##### Copyright 2020 Google LLC.
Licensed under the Apache License, Version 2.0 (the "License");

In [0]:
# Copyright 2020 The Google Research Authors.
#
# Licensed under the Apache License, Version 2.0 (the "License");
# you may not use this file except in compliance with the License.
# You may obtain a copy of the License at
#
# https://www.apache.org/licenses/LICENSE-2.0
#
# Unless required by applicable law or agreed to in writing, software
# distributed under the License is distributed on an "AS IS" BASIS,
# WITHOUT WARRANTIES OR CONDITIONS OF ANY KIND, either express or implied.
# See the License for the specific language governing permissions and
# limitations under the License.

# M-layer experiments
This notebook trains M-layers on the problems discussed in "Intelligent Matrix Exponentiation".



Running this locally, the  `m_layer` python module should come with the colab and should already be present.

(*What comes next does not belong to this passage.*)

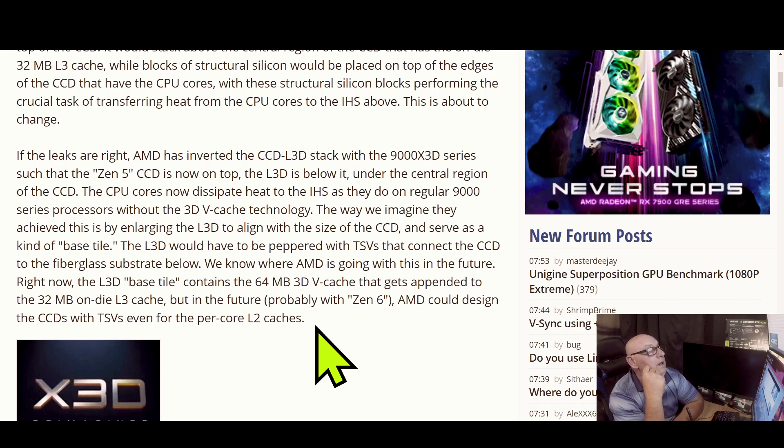We can see where AMD is going with this in the future. Right now the L3D base tile contains 64 megs of 3D V-Cache that gets appended to the 32 meg on-die L3 cache. But in the future — probably with Zen 6 — AMD could design the CCD with TSVs even for the per-core L2 cache. That's a significant potential advancement.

The code of the `m_layer` python module can be downloaded from the google-research github repository.

In [0]:
import os.path
if os.path.isfile('m_layer.py'):
  from m_layer import MLayer
else:
  !if ! type "svn" > /dev/null; then sudo apt-get install subversion; fi
  !svn export https://github.com/google-research/google-research/trunk/m_layer
  from m_layer.m_layer import MLayer

In [0]:
GLOBAL_SEED = 1
import numpy as np
np.random.seed(GLOBAL_SEED)
import itertools
import functools
import operator
import logging
logging.getLogger('tensorflow').disabled = True

import tensorflow as tf
import tensorflow_datasets as tfds
import matplotlib.pyplot as plt
from matplotlib import pylab 

print(tf.__version__)

# Generate a spiral and show extrapolation

In [0]:
SPIRAL_DIM_REP = 10
SPIRAL_DIM_MATRIX = 10
SPIRAL_LR = 1e-3
SPIRAL_EPOCHS = 200
SPIRAL_BATCH_SIZE = 16

def spiral_get_model():
  return tf.keras.models.Sequential(
      [tf.keras.layers.Dense(SPIRAL_DIM_REP,
                          input_shape=(2,)),
       MLayer(dim_m=SPIRAL_DIM_MATRIX),
       tf.keras.layers.ActivityRegularization(l2=1e-4),
       tf.keras.layers.Flatten(),
       tf.keras.layers.Dense(1, activation='sigmoid')]
  )


def spiral_generate(n_points, noise=0.5, rng=None):
  if rng is None:
    rng = np.random.RandomState()
  n = np.sqrt(0.001 + rng.rand(n_points,1)) * 1000 * (2 * np.pi) / 360.0
  x = 0.5 * (np.cos(n) * n + (2 * rng.rand(n_points, 1) - 1) * noise)
  y = 0.5 * (np.sin(n) * n + (2 * rng.rand(n_points, 1) - 1) * noise)
  return (np.vstack((np.hstack((x, y)), np.hstack((-x, -y)))),
          np.hstack((np.zeros(n_points), np.ones(n_points))))


def spiral_run(fig=None):
  if fig is None:
    fig = pylab.figure()
  x_train, y_train = spiral_generate(1000)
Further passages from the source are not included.